### Install Python Dependencies

**Note: After running this cell, ensure you restart the kernel.**

In [None]:
!pip install -q langchain==0.1.4
!pip install -q langchain-community==0.0.16
!pip install -q transformers
!pip install -q pymilvus
!pip install -q transformers
!pip install -q sentence-transformers

### Import Python Modules

Import the required Python modules from Langchain.

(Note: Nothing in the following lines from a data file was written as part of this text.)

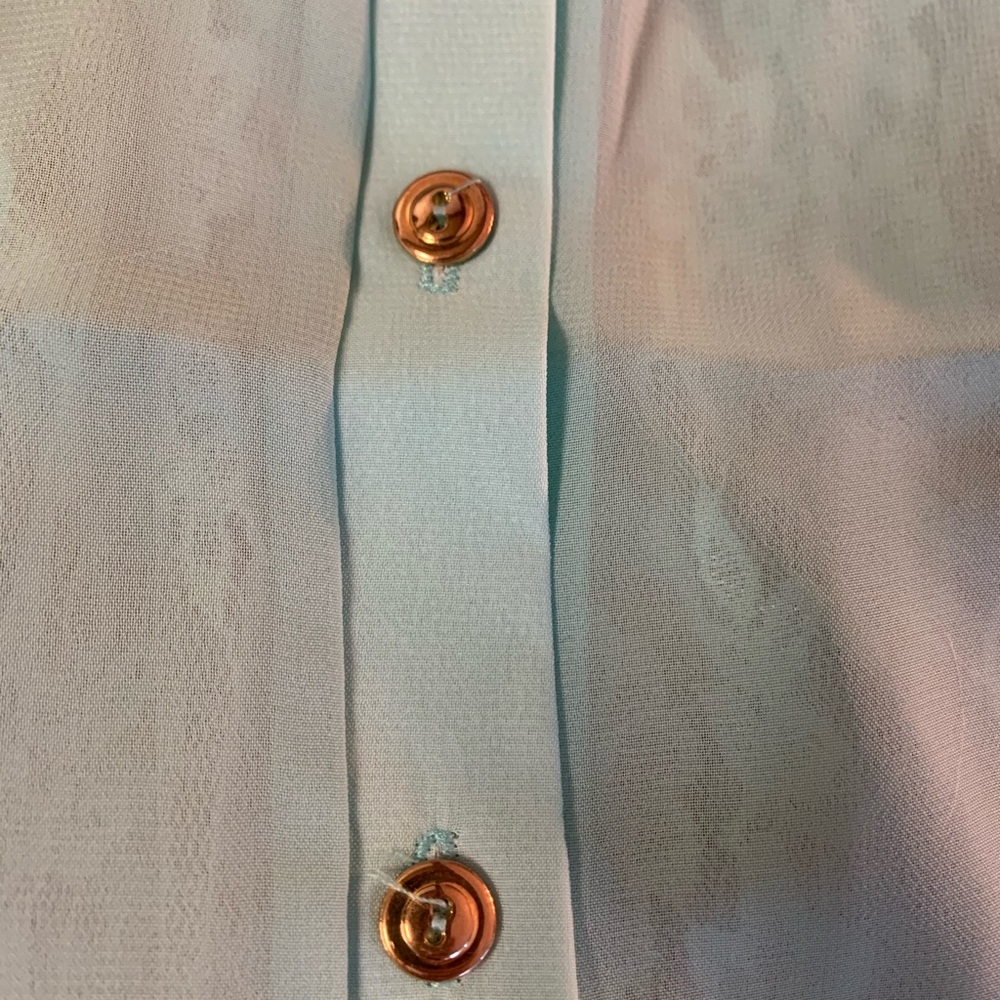 Body Central Mint Green Sheer Back Lace Button Up Tie Top NWT - Picture 7 of 12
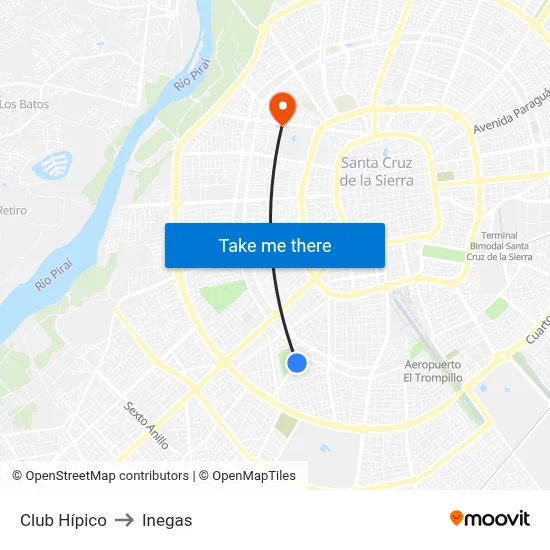 Club Hípico to Inegas map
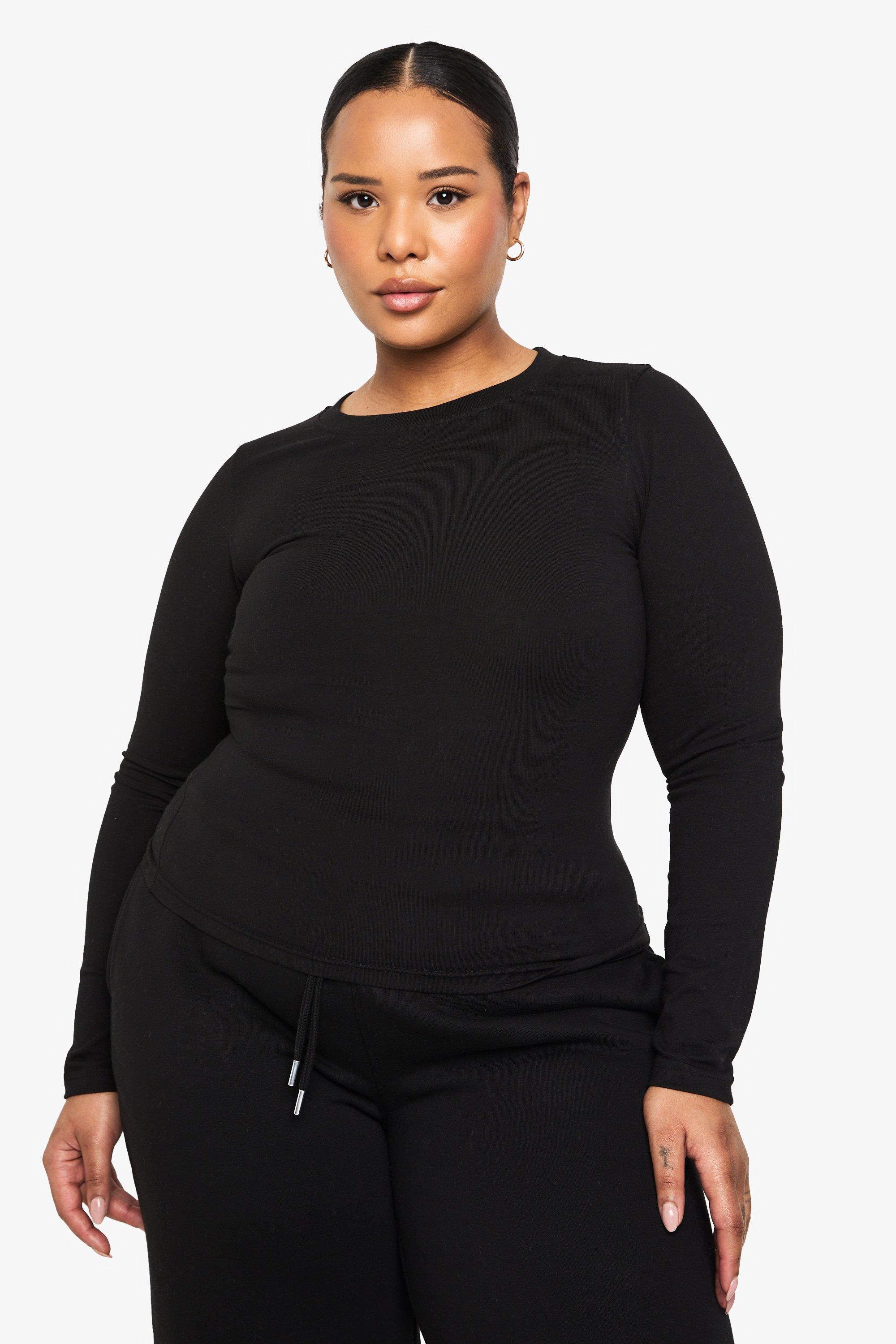 Image of Top smanicato Plus Size a maniche lunghe, Nero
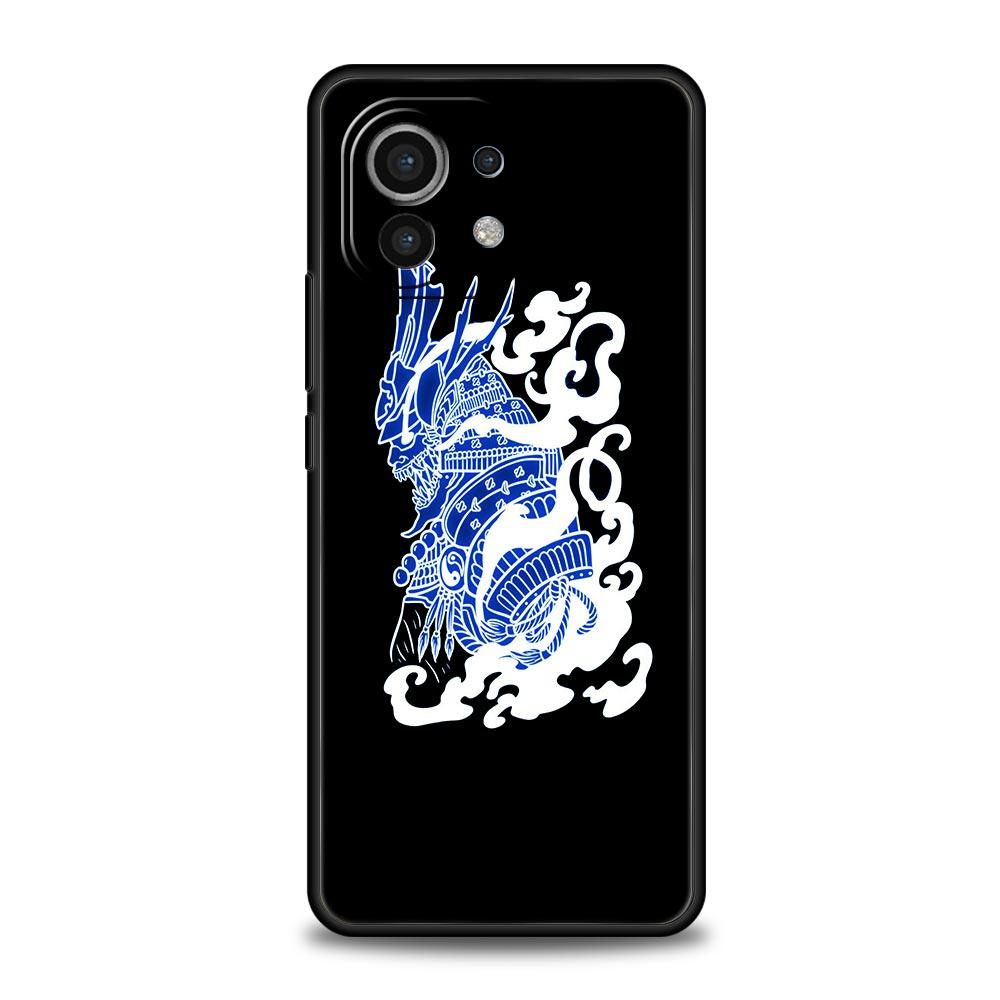 Etui do Xiaomi Poco X4 X3 NFC F3 F4 M3 M4 Mi Note 12T 10 11 Ultra 11T 13 Pro 10T 12 Lite 9T 5G Miękka obudowa Samurai Oni Maska neon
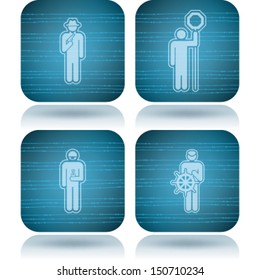 Man's occupation icons set from left to right:  Theft, Lollipop man, Chemist, Sailor. 
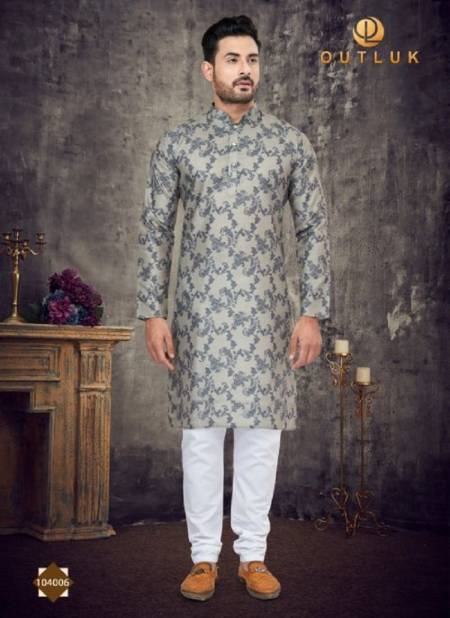 Gray Colour Outluk 104 Function Wear Wholesale Mens Kurta Pajama 104006
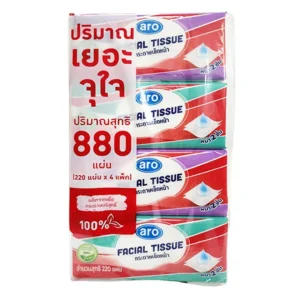 tissue-012 เอโร่ กระดาษเช็ดหน้าซอฟท์ 220 แผ่น x 4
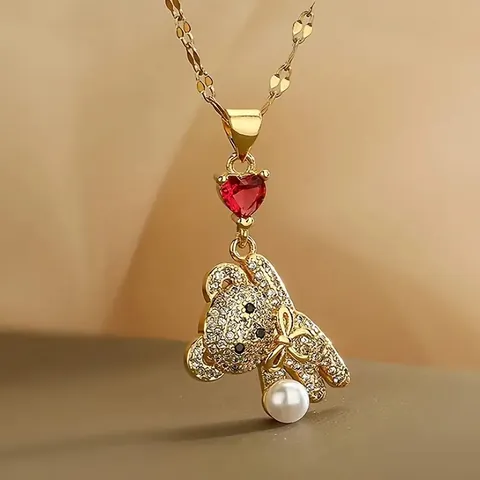 Collier Pendentif Ours Ballon Coeur en Cuivre Zircon Plaqué Or Chaîne de Clavicule Petit Ours Bijoux Cadeau pour Femme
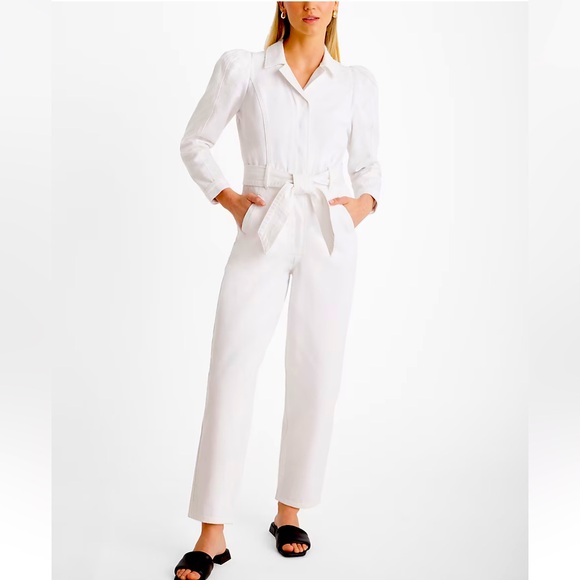 NWT Express Puff Sleeve Tie Waist White Denim Jumpsuit - Picture 1 of 9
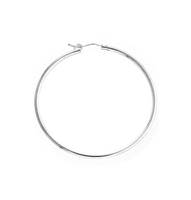 Sterling Silver 40mm Hollow Flex Hoop Earring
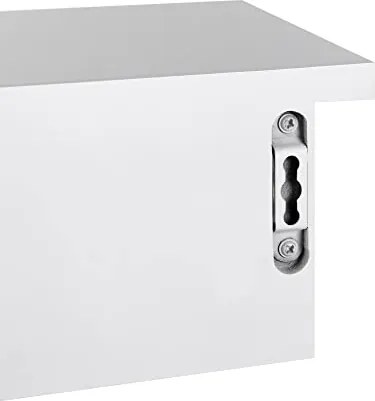 Plávajúca nástenná polica s 3 zásuvkami, 80 x 15 x 10 cm, biela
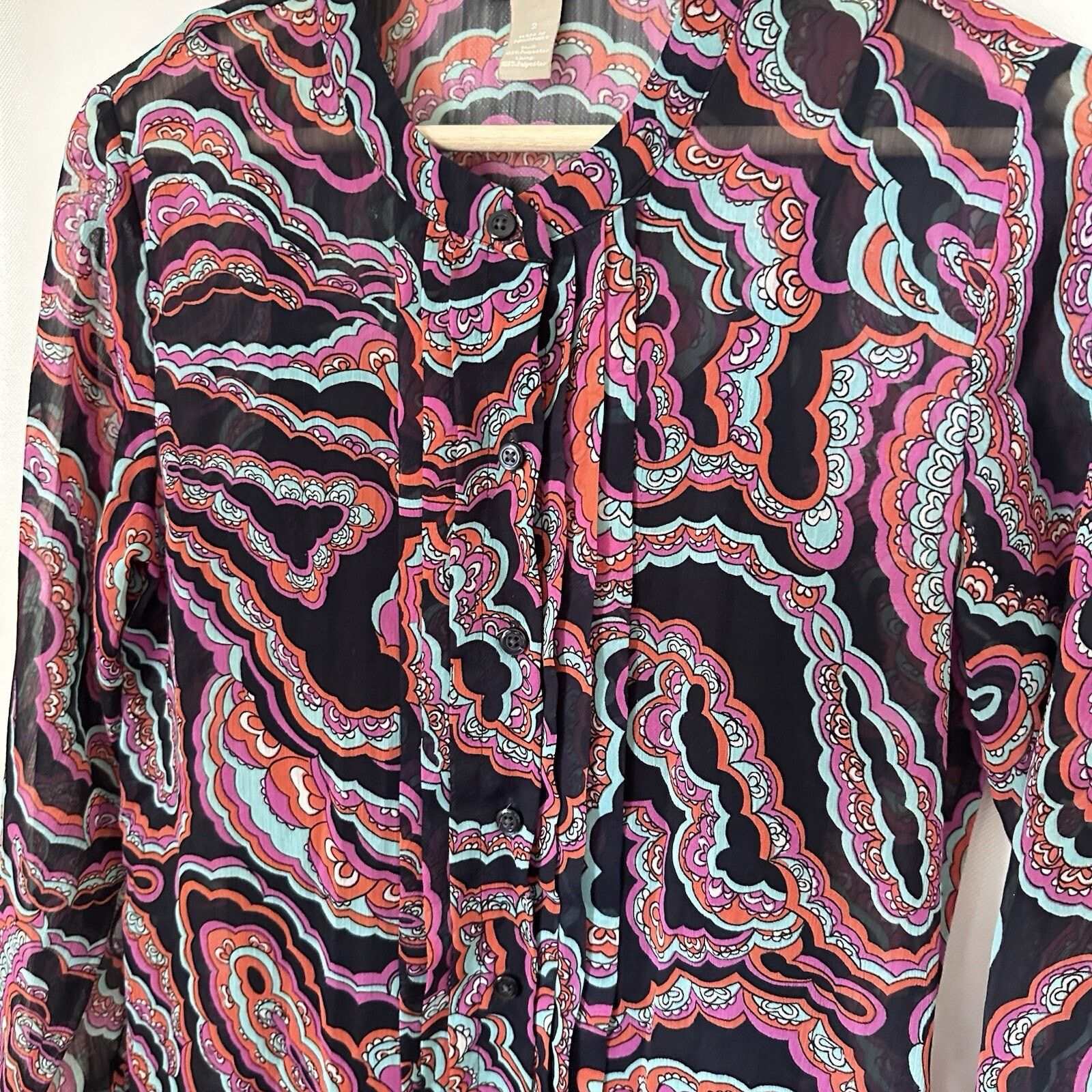 Banana Republic Banana Republic Dress Collar Floral Paisley Tie Sheer Casual Size XS / US 0-2 / IT 36-38 - 5 Thumbnail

* **RecursiveCharacterTextSplitter** - Text splitter. This is required to split our Nutanix Bible content into chunks.
* **HuggingFaceEmbeddings** - This allows access to embedding models in Hugging Face
* **Milvus** - This allows the code to use and manage our Milvus Vector DB.
* **WebBaseLoader** - This loads HTML content into a document format we can use with our DB.

In [None]:
from langchain.text_splitter import RecursiveCharacterTextSplitter
from langchain.embeddings import HuggingFaceEmbeddings
from langchain.vectorstores import Milvus
from langchain.document_loaders import WebBaseLoader

### Initialize an instance of HuggingFaceEmbeddings

This code is initializing an instance of [HuggingFaceEmbeddings](https://api.python.langchain.com/en/latest/embeddings/langchain_community.embeddings.huggingface.HuggingFaceEmbeddings.html) from Langchain, which allows us to access the [Sentence Transformers](https://huggingface.co/sentence-transformers) embedding models in Hugging Face.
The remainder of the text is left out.